Statusgraph has a simple client-server architecture. The Server serves the SPA Frontend, stores the graph data on disk and proxies metrics request to prometheus.
CLI
The server serves the Webapp and is the API Server that stores the graph information and issues requests towards prometheus/alertmanager.
Usage:
statusgraph server [flags]
Flags:
--config string path to the config file which contains the server configuration (default "/etc/statusgraph/config.yaml")
--data-dir string path to the data dir (default "/data")

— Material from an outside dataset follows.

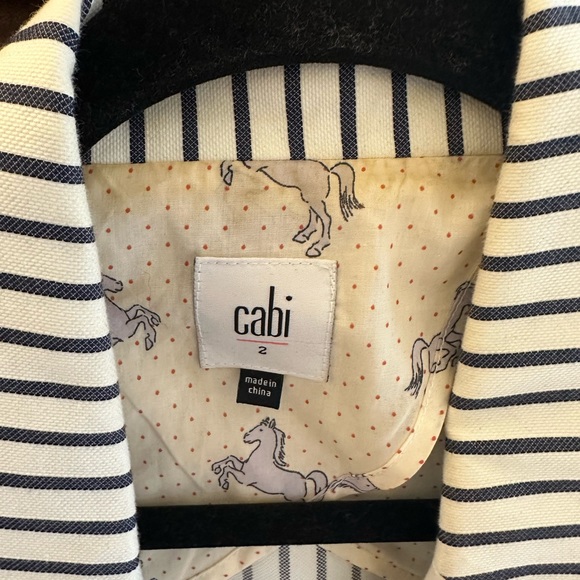 CABI Bell Sleeved White with Blue Stripes Suit Jacket Blazer size 2 - Picture 2 of 3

-h, --help help for server
--static-dir string path to the static dir (default "/www")
Global Flags:
--loglevel string set the loglevel (default "info")
Overview
This config file has three main purposes:
- specify connection information for prometheus and alertmanager
- define how statusgraph selects alerts and how to map them to a graph node
- fetch metrics from prometheus and how to map them to a graph node
Example
See the following annotated config example for further explanation.
upstream:
prometheus:
# you can use http basic auth here in the form of http://user:pass@example.com
url: http://localhost:9090
alertmanager:
url: http://localhost:9093
mapping:
# this defines which alerts we display and how to find the correpsonding graph node
# use a `label_selector` to filter for specific alerts
# and `service_labels` and `service_annotations` to specify to which graph node this alert belongs
alerts:
label_selector:
- severity: "critical"
- severity: "warning"
important: "true"
# red & green lamp indicator
# Use this if your alerts use a specific label for a service (e.g. app=frontend / app=backend ...)
# this tells statusgraph to map alerts to nodes using the following labels/annotations
service_labels:
- "service_id"
service_annotations:
- "statusgraph-node"
metrics:
# green lamp indicator!
# this helps statusgraph to find all existing services by fetching the label values
# reference: https://prometheus.io/docs/prometheus/latest/querying/api/#querying-label-values
service_labels:
- 'service_id'
queries:
# just as an example
- name: cpu wait
query: sum(rate(node_pressure_cpu_waiting_seconds_total[1m])) by (service_id) * 100
service_label: service_id